= Valiathan =

Valiathan, alternatively Vallyathan, is a title, and now family name, held by a group of Nair families, all branches along the matrilineal line of the main Valiathan family, who are known as the Valiathan.

According to legend, it is said that the Maharajah Marthanda Varma of Travancore sought the help of the Vattaparambil, later Valiathan, family in order to overcome the powerful clan of Ettuveetil Pillamar, the Lords of the Eight Houses. The Maharajah and his heir apparent, the popular Dharmarajah, therefore addressed the oldest, and most powerful, lady of the Vattaparambil House as Valiyamma. Later the lord of the House died in battle against the Ettuveetil Pillamar, leaving the family without a head figure. When Marthanda Varma finally became king, he gave the title of "Valiathan" to the family.
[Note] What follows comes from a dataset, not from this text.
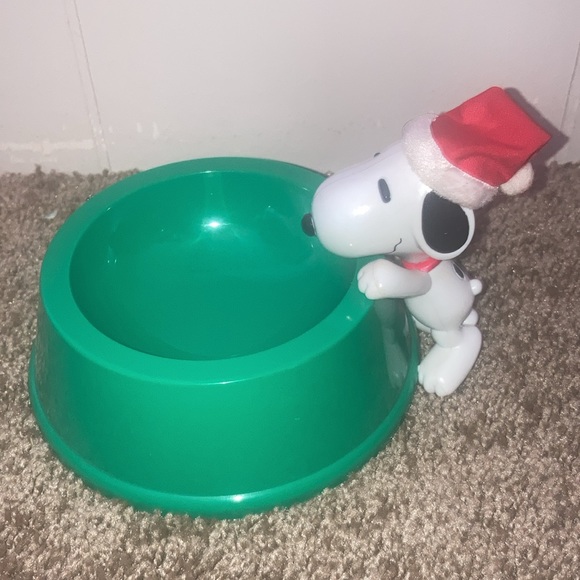 Peanuts Plastic Snoopy Christmas Candy Bowl/Pet Bowl - Picture 3 of 8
The family is based in Keerikad (Fort Vattaparambil). They also have branches in Thiruvalla and Pandalam. The Thiruvalla branch had marital relations with the Nedumpuram royal family there while the Pandalam family, known as Thottathil, had relations with the Royal Family of Pandalam.

Today, these three families, known collectively as the Valiathans, constitute a subcaste of the Nair community. They are not permitted to intermarry as they are matrilineal branches of the same family under the Marumakkathayam law.